In [2]:
import numpy as np

## Чтение и nредварительная обработка текста 

with open('1268-0.txt', 'r', encoding="utf8") as fp:
    text=fp.read()
    
start_indx = text.find('THE MYSTERIOUS ISLAND')
end_indx = text.find('End of the Project Gutenberg')

text = text[start_indx:end_indx]
char_set = set(text)
print("Oбщaя длина:", len(text))
print("Уникальных символов:", len(char_set))

Oбщaя длина: 1112350
Уникальных символов: 80


In [4]:
chars_sorted = sorted(char_set)
char2int = {ch:i for i,ch in enumerate(chars_sorted)}
char_array = np.array(chars_sorted)

text_encoded = np.array(
    [char2int[ch] for ch in text],
    dtype=np.int32)

print('Paзмep закодированного текста: ', text_encoded.shape)

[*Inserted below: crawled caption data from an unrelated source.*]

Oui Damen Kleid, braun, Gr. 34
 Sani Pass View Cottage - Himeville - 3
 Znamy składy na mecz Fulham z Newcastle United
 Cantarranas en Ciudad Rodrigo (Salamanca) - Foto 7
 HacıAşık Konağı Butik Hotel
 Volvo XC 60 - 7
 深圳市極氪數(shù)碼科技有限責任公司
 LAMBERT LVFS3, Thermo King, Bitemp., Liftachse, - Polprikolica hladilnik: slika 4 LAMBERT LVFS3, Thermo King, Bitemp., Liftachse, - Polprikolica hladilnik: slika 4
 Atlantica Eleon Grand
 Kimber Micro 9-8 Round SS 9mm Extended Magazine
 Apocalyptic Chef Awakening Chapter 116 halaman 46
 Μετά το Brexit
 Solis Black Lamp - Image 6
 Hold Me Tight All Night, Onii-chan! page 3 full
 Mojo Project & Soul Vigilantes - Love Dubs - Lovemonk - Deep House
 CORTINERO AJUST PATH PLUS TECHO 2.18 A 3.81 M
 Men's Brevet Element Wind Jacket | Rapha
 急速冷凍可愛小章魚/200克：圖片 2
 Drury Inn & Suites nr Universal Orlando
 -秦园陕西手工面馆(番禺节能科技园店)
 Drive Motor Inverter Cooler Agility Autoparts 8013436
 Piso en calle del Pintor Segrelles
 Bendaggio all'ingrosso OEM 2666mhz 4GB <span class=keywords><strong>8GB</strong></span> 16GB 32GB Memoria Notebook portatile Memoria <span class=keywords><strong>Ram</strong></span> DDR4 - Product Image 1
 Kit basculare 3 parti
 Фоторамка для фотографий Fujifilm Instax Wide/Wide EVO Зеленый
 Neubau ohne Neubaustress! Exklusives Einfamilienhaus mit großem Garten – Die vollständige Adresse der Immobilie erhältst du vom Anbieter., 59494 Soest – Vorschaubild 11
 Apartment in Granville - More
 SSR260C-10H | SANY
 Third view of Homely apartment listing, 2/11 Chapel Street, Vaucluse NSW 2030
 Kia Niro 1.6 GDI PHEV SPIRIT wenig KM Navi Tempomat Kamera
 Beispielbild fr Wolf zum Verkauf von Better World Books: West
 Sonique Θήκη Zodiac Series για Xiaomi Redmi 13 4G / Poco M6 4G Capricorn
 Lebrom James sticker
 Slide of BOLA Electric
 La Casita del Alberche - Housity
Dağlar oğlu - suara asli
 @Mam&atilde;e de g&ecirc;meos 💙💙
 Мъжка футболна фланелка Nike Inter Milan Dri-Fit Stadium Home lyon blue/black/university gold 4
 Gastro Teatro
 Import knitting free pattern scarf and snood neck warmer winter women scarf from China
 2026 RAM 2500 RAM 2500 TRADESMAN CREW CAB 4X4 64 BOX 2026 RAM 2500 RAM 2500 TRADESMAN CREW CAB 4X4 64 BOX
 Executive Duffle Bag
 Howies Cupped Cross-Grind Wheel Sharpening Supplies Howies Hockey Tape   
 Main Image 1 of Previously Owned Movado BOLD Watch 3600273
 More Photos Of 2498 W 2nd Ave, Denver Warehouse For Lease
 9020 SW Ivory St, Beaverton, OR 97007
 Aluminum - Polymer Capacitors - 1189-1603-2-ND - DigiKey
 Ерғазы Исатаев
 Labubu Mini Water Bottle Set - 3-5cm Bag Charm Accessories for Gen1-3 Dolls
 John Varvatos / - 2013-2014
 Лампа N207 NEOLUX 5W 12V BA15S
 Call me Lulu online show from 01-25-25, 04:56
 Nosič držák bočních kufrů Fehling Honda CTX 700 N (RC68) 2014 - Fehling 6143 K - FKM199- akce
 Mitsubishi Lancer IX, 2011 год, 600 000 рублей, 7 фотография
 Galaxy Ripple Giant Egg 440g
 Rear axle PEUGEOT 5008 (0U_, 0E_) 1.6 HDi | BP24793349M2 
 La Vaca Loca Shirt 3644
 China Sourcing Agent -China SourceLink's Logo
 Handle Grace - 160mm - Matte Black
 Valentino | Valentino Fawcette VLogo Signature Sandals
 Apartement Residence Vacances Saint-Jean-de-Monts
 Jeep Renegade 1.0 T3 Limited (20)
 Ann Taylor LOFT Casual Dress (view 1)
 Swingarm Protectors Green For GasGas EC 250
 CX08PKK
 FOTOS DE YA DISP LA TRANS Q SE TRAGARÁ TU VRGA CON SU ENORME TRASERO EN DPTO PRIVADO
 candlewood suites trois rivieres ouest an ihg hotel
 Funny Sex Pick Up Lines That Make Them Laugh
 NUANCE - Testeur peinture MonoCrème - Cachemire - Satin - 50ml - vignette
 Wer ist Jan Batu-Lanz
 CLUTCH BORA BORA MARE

print(text[:15], '     == Кодирование ==> ', text_encoded[:15])
print(text_encoded[15:21], ' == Декодирование  ==> ', ''.join(char_array[text_encoded[15:21]]))

Paзмep закодированного текста:  (1112350,)
THE MYSTERIOUS       == Кодирование ==>  [44 32 29  1 37 48 43 44 29 42 33 39 45 43  1]
[33 43 36 25 38 28]  == Декодирование  ==>  ISLAND


In [5]:
for ex in text_encoded[:5]:
    print('{} -> {}'.format(ex, char_array[ex]))

44 -> T
32 -> H
29 -> E
1 ->  
37 -> M


In [6]:
seq_length = 40
chunk_size = seq_length + 1

text_chunks = [text_encoded[i:i+chunk_size] 
               for i in range(len(text_encoded)-chunk_size+1)] 

## inspection:
for seq in text_chunks[:1]:
    input_seq = seq[:seq_length]
    target = seq[seq_length] 
    print(input_seq, ' -> ', target)
    print(repr(''.join(char_array[input_seq])), 
          ' -> ', repr(''.join(char_array[target])))

[44 32 29  1 37 48 43 44 29 42 33 39 45 43  1 33 43 36 25 38 28  1  6  6
  6  0  0  0  0  0 40 67 64 53 70 52 54 53  1 51]  ->  74
'THE MYSTERIOUS ISLAND ***\n\n\n\n\nProduced b'  ->  'y'


In [7]:
import torch
from torch.utils.data import Dataset

class TextDataset(Dataset):
    def __init__(self, text_chunks):
        self.text_chunks = text_chunks

    def __len__(self):
        return len(self.text_chunks)
    
    def __getitem__(self, idx):
        text_chunk = self.text_chunks[idx]
        return text_chunk[:-1].long(), text_chunk[1:].long()
    
seq_dataset = TextDataset(torch.tensor(text_chunks))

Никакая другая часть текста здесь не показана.